A proposal by the Detroit Lions to fundamentally change the way NFL teams are seeded for the playoffs that was opposed by the Pittsburgh Steelers has been withdrawn at the spring owners meetings after lacking the support it needed to pass.
The Lions’ proposal would have seeded all teams in each conference by record, without differentiating between division winners and Wild Card teams. Currently, division winners are guaranteed the top four playoff seeds, with the top seed earning a bye and the three other winners getting home-field advantage in the first round of the playoffs.
The lowest-seeded divisional winner is frequently a team with a worse record than the top Wild Card, creating situations where a perceived-to-be better team has to play on the road in the opening round.
Last year in the NFC, the No. 6-seeded Washington Commanders (12-5) and No. 7 Green Bay Packers (11-6) both went on the road, while division winners with worse records, the 10-7 Tampa Bay Buccaneers and Los Angeles Rams, got to play at home.
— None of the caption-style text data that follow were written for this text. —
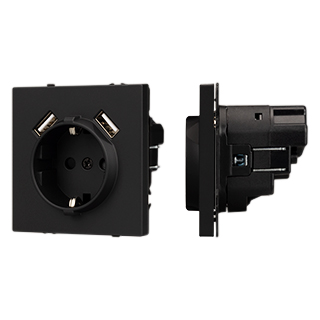 Arlight Механизм розетки с USB зарядкой SCT-NOBE-MUAA-SFPL-BK (230V, 16A) (Черный оникс) фото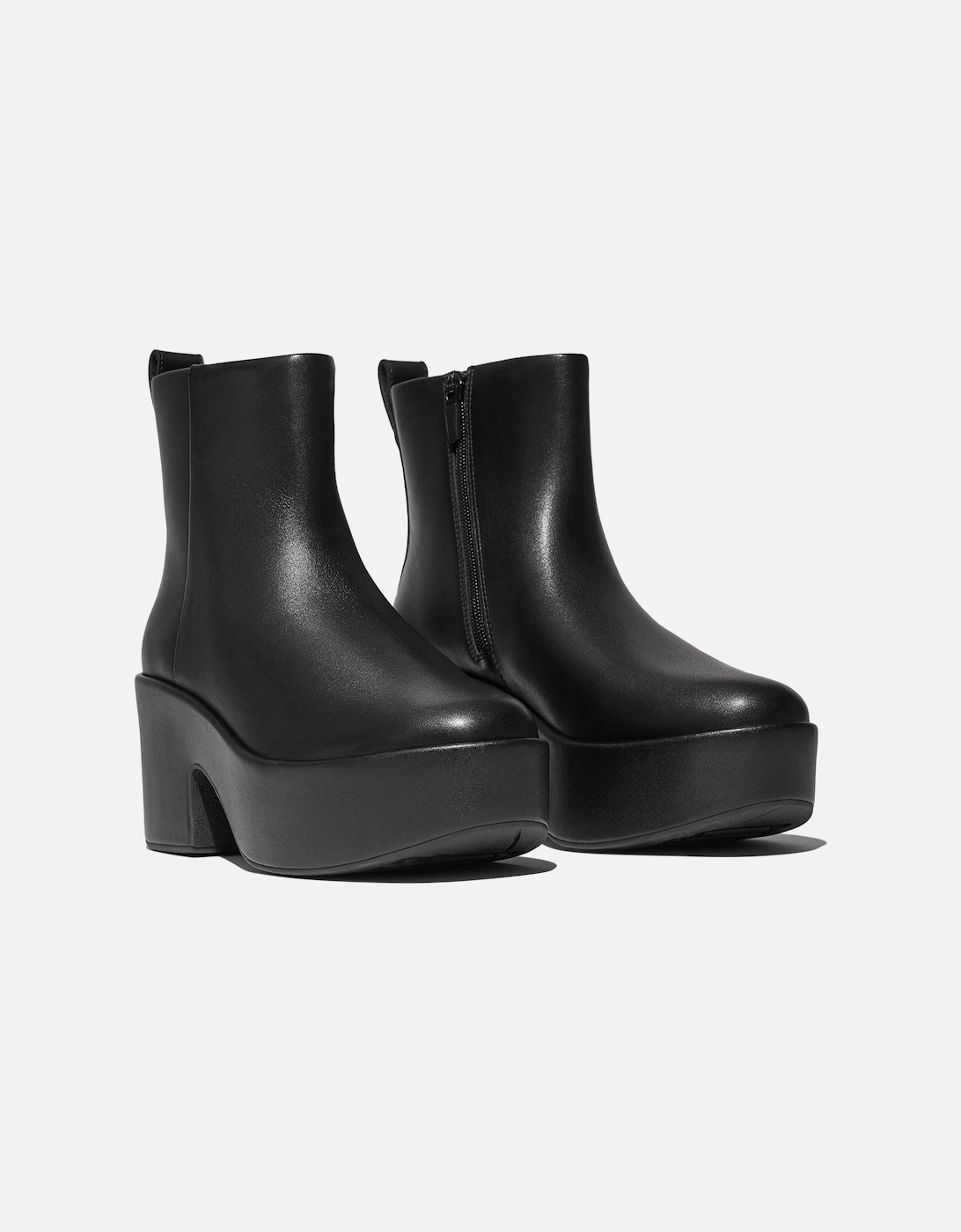 Platfforms Heeled Leather Women's Black Boots, 7 of 6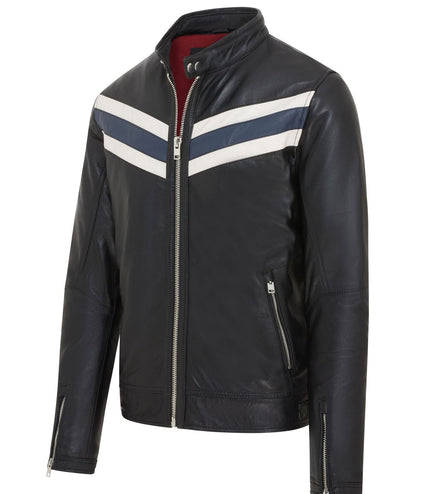 Men's Black Striped CafÃ© Racer Biker Leather Motorcycle Jacket - Black/Blue
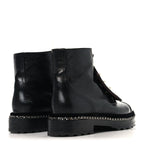 Chanel Crackled Calfskin Velvet Pearl Combat Short Boots 37.5 Black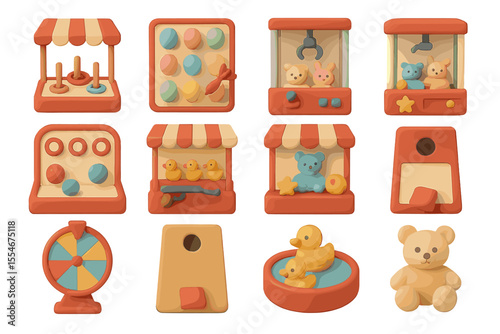 Cute vintage carnival game icons with toys and prizes in pastel colors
Of course, the teams do not have identical schedules, and teams inside the same division have the most-similar schedules, making the divisional component of the playoff seeding sensical.
There are still occasionally division winners that clearly do not belong. Six teams in NFL history have made the playoffs with a losing record, most recently the 2022 Tampa Bay Buccaneers.
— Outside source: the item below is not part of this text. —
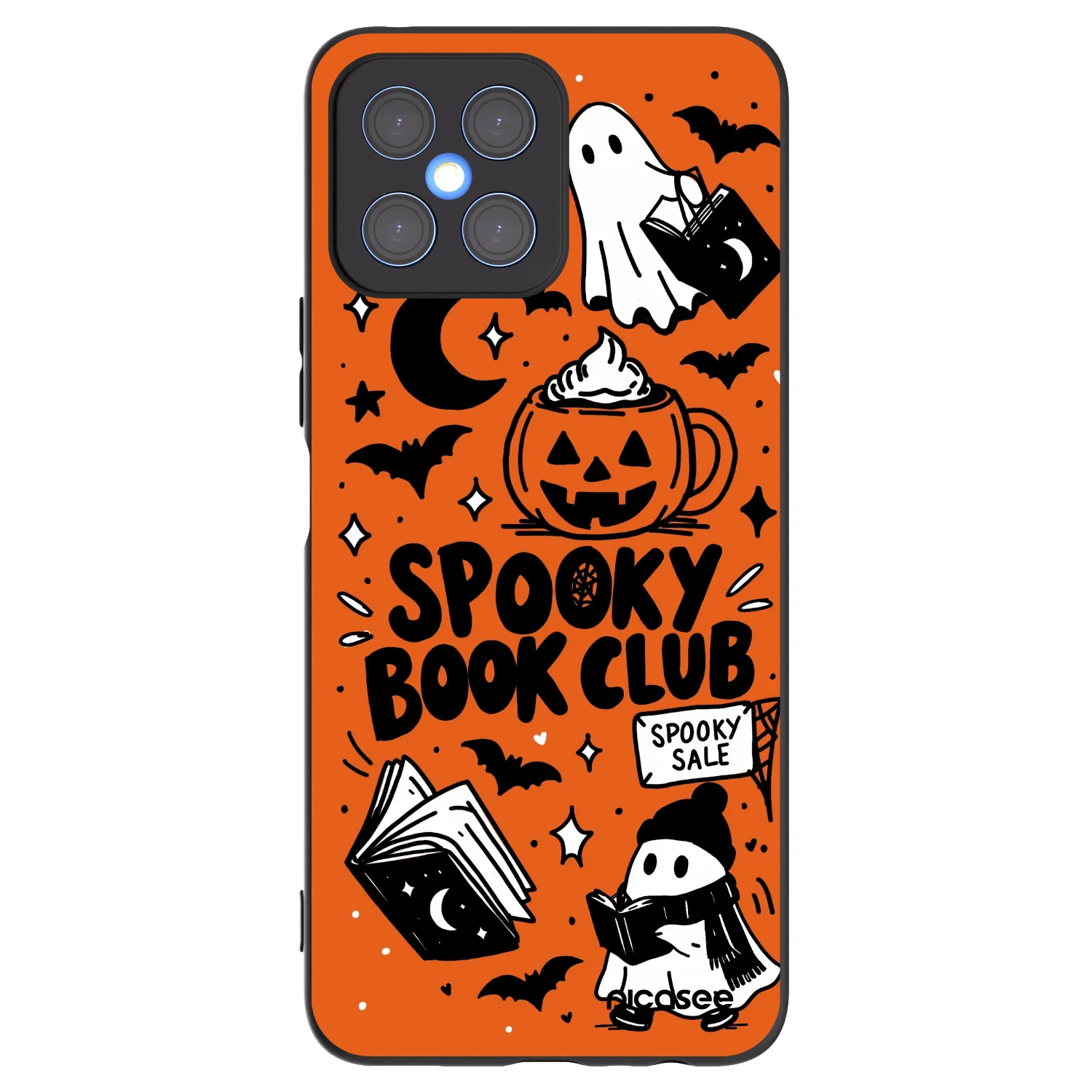 Picasee husă neagră din silicon pentru Honor X8 4G - Spooky book club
Mike Tomlin said the Steelers were one of the teams that was opposed to the proposal.
“I’m a division purist, to be quite honest with you,” Tomlin said at the annual meeting in March. “I love the rivalries that is division play. I love the structure of our scheduling that highlights it. I’d just categorize myself as a division purist. I think the division winner should get a playoff game and a home playoff game.”
As one of the members of the competition committee, Tomlin can give direct advice to the league on rule-change proposals, but this bylaw change was decided solely by ownership.